Assignment: In the records below, find each line containing the word "Society" and copy it.

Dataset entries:
* * * *

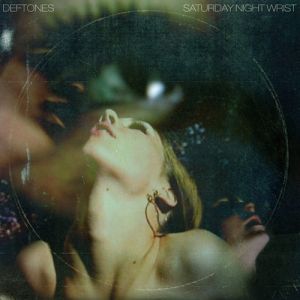 Album Saturday Night Wrist - Deftones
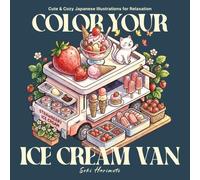 Color Your Ice Cream Van: Coloring Book for Adults and Teens with Cute and Cozy Japanese Illustrations for Relaxation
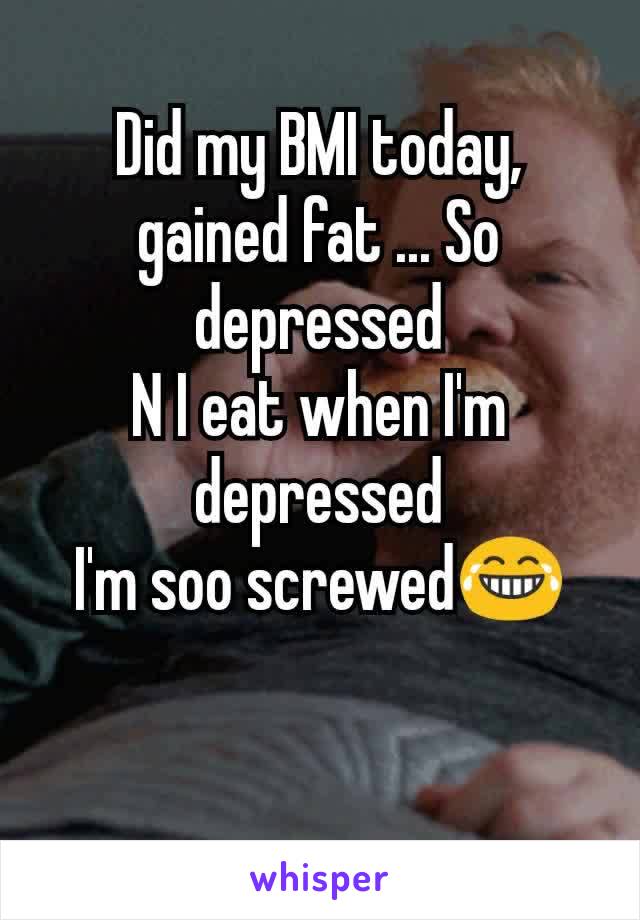 Did my BMI today, gained fat ... So depressed
N I eat when I'm depressed
I'm soo screwed😂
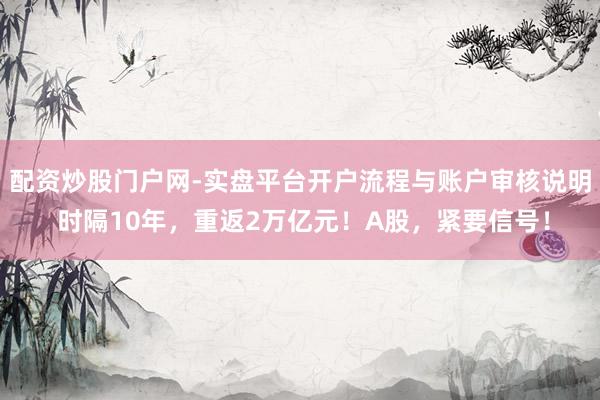 配资炒股门户网-实盘平台开户流程与账户审核说明 时隔10年，重返2万亿元！A股，紧要信号！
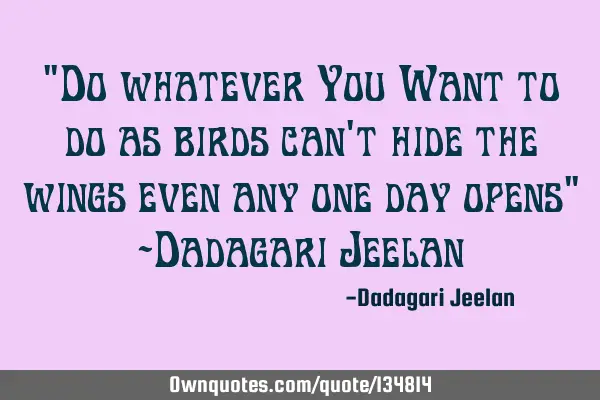 "Do whatever You Want to do as birds can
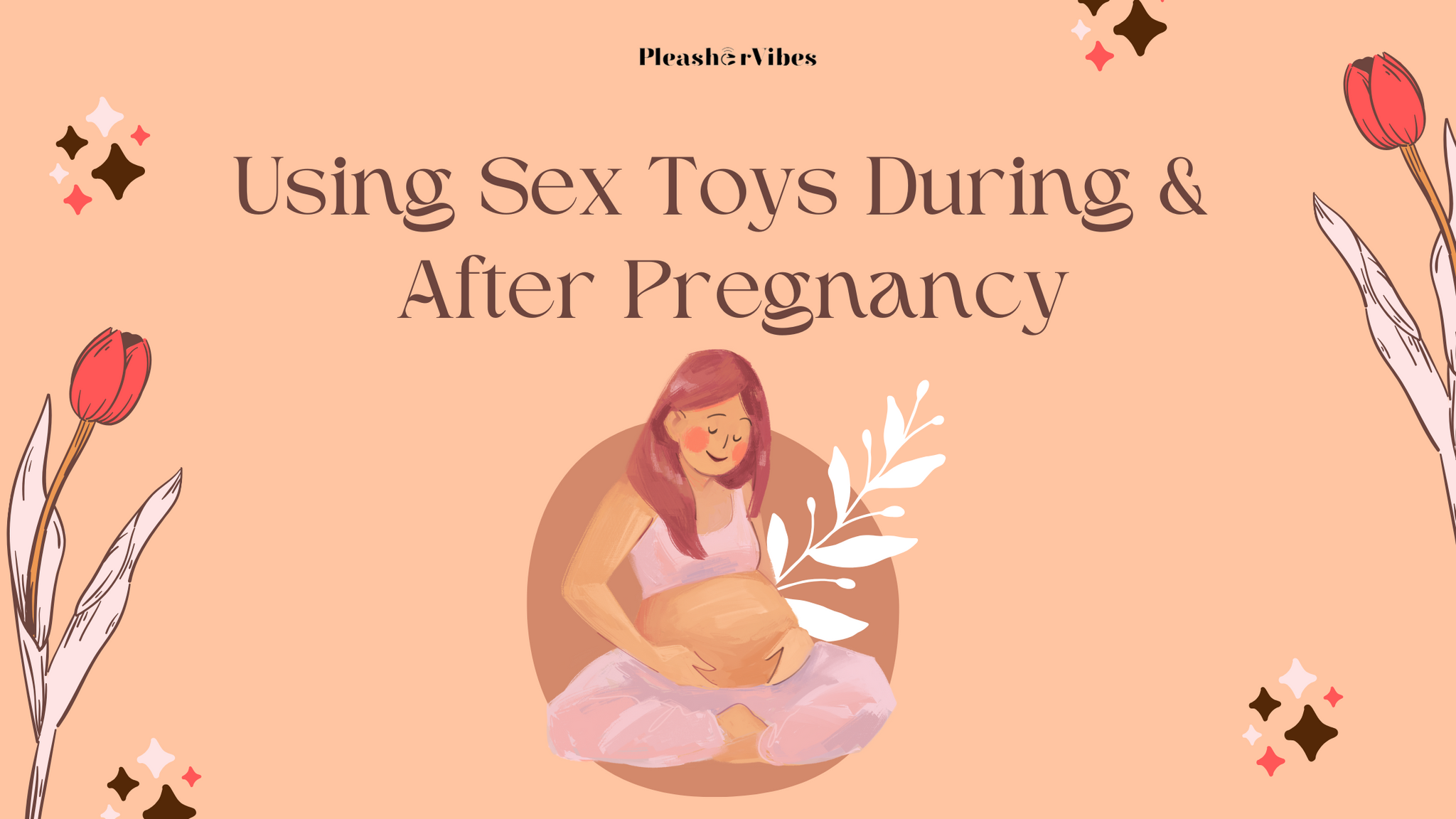 How to Use Sex Toys During and After Pregnancy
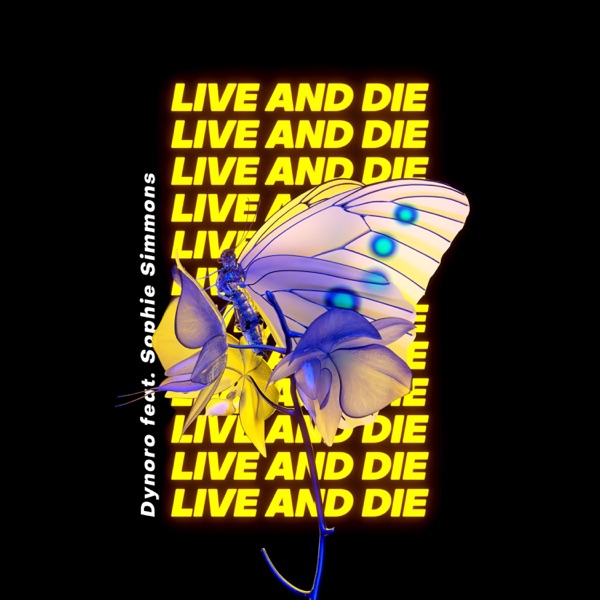 Live And Die (feat. Sophie Simmons) - Single album cover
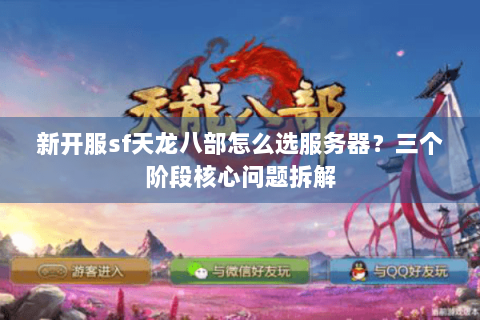新开服sf天龙八部怎么选服务器？三个阶段核心问题拆解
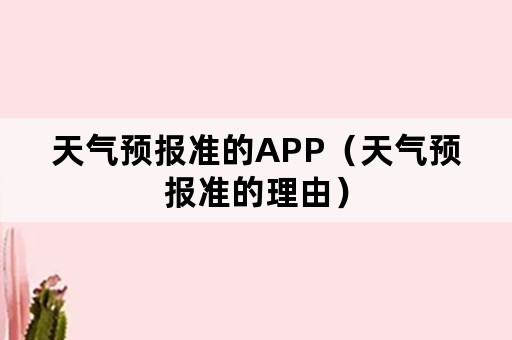 天气预报准的APP（天气预报准的理由）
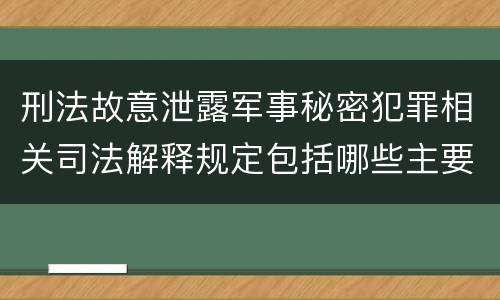 刑法故意泄露军事秘密犯罪相关司法解释规定包括哪些主要内容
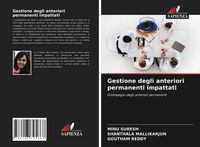 Produktbild: Gestione degli anteriori permanenti impattati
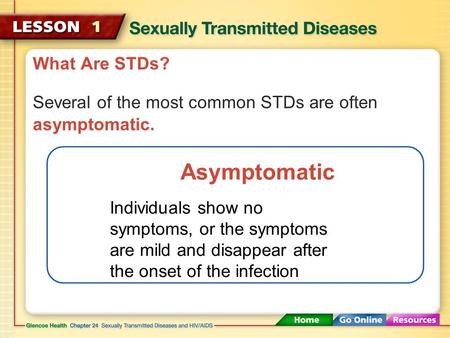 What Are STDs? Several of the most common STDs are often asymptomatic. Asymptomatic Individuals show no symptoms, or the symptoms are mild and disappear.
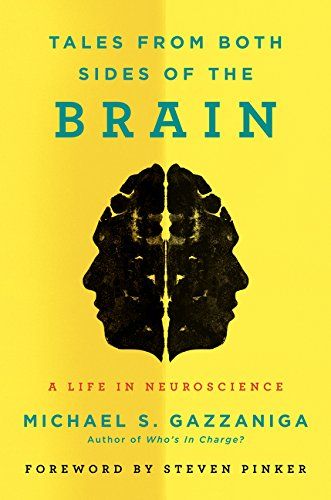 Tales from Both Sides of the Brain: A Life in Neuroscience: Michael S. Gazzaniga: 9780062228802: Amazon.com: Books Brain Book, Psychology Books, Science Books, Self Help Books, Neuroscience, Inspirational Books, The Brain, Great Books, Reading Lists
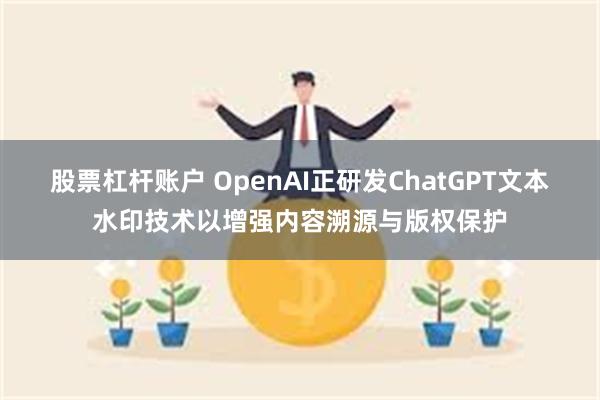 股票杠杆账户 OpenAI正研发ChatGPT文本水印技术以增强内容溯源与版权保护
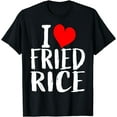 thumbnail image 1 of Funny gift I Love Fried Rice T shirt Heart for women and men T-Shirt, 1 of 4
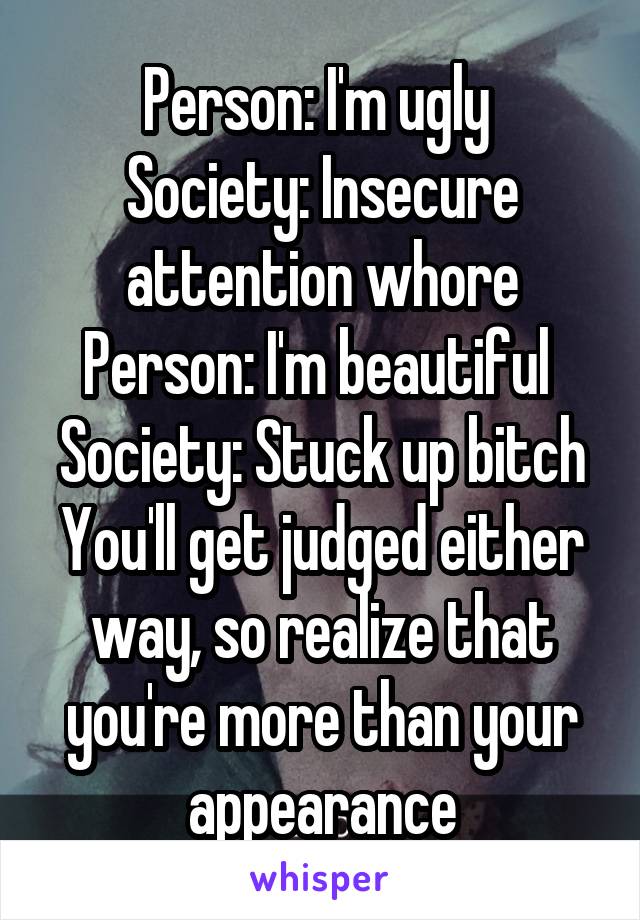 Person: I'm ugly 
Society: Insecure attention whore
Person: I'm beautiful 
Society: Stuck up bitch
You'll get judged either way, so realize that you're more than your appearance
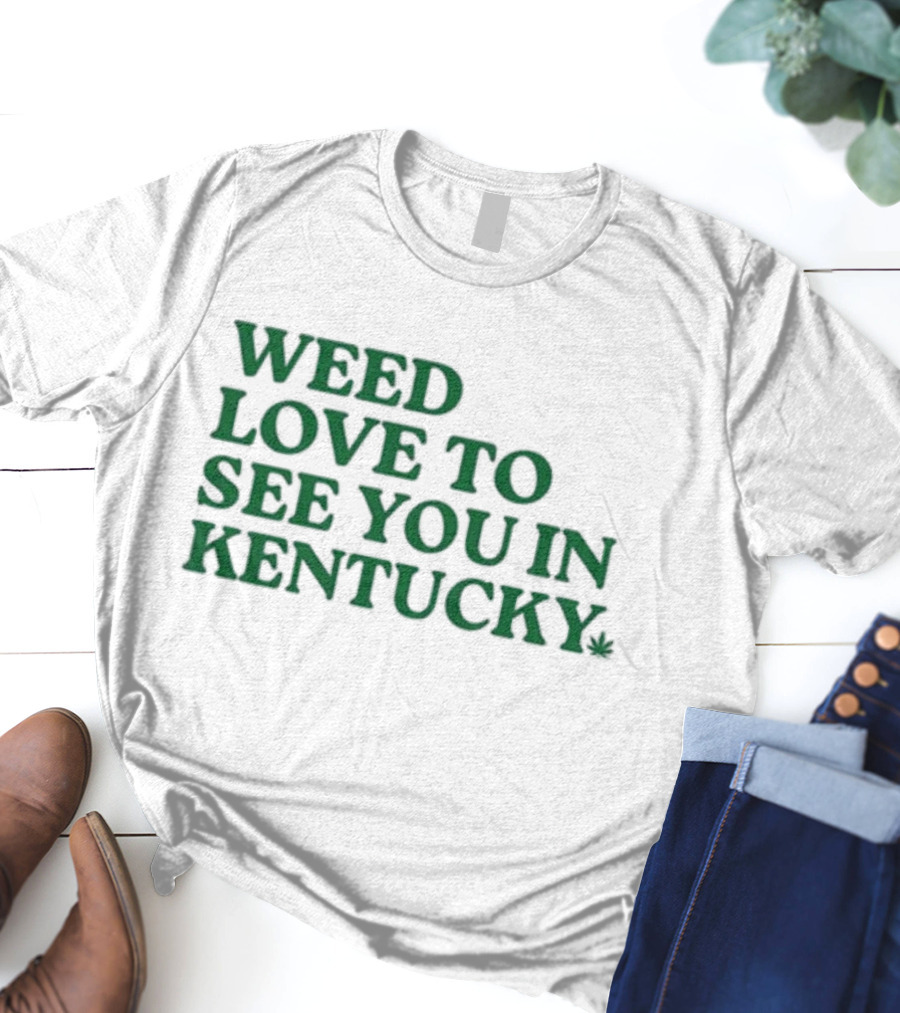 Weed Love To See You In Kentucky Leaf T-Shirt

* * * *

Completed exercise:
Society: Insecure attention whore
Society: Stuck up bitch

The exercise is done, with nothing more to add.